Write out exactly the lines below that run from the one containing "Sfeerfoto Sziget 2016" through the one containing "FM634/04 FILTRO BMC", both included, with no other lines.

==================================================

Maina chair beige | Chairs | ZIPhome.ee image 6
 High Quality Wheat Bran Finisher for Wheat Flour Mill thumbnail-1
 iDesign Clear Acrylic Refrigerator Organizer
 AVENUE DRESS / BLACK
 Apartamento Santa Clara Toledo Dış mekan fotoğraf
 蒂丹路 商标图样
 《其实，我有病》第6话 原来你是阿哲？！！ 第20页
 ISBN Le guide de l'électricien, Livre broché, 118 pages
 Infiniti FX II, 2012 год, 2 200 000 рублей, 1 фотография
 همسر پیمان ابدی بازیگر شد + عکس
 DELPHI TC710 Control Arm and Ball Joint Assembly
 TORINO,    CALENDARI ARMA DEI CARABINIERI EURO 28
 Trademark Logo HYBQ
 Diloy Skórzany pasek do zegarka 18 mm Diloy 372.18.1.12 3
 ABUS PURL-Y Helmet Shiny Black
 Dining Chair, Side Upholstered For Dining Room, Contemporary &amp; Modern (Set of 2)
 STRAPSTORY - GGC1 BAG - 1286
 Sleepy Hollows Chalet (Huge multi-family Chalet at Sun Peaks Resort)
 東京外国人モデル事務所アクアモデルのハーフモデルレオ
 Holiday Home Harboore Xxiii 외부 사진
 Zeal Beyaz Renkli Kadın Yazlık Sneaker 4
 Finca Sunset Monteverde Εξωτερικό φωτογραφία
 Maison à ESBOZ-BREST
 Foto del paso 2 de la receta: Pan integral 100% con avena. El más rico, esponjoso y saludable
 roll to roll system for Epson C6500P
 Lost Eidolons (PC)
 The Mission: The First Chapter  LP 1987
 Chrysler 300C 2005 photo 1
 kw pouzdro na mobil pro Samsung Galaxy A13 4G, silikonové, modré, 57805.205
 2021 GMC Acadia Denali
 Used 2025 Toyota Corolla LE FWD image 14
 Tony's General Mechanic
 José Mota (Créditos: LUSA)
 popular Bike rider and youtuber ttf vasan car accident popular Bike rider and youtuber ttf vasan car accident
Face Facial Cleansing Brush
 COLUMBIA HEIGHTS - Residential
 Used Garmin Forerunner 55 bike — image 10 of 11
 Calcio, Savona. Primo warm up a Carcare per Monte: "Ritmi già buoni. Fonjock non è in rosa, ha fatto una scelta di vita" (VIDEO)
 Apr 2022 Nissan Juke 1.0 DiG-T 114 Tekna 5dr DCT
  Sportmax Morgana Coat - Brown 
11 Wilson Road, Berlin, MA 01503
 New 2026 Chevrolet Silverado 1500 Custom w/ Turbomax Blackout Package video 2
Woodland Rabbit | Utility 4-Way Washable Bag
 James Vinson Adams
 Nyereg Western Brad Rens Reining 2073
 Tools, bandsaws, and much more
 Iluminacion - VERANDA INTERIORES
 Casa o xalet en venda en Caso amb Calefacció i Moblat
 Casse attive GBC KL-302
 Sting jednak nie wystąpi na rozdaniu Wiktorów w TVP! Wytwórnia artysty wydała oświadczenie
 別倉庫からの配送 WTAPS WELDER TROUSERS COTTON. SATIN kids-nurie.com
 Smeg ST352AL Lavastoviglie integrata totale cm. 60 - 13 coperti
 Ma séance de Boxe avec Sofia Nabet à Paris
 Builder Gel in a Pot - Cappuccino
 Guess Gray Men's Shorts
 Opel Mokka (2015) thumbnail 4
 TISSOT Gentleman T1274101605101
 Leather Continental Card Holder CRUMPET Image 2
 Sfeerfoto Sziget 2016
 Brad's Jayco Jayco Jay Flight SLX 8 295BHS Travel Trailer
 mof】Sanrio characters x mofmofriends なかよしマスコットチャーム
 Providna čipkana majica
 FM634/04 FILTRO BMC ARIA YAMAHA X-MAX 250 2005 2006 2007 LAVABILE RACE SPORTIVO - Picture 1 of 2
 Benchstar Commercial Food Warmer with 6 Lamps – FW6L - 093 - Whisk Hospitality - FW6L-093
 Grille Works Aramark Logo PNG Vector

==================================================

### EXERCISE RESULT
 Sfeerfoto Sziget 2016
 Brad's Jayco Jayco Jay Flight SLX 8 295BHS Travel Trailer
 mof】Sanrio characters x mofmofriends なかよしマスコットチャーム
 Providna čipkana majica
 FM634/04 FILTRO BMC ARIA YAMAHA X-MAX 250 2005 2006 2007 LAVABILE RACE SPORTIVO - Picture 1 of 2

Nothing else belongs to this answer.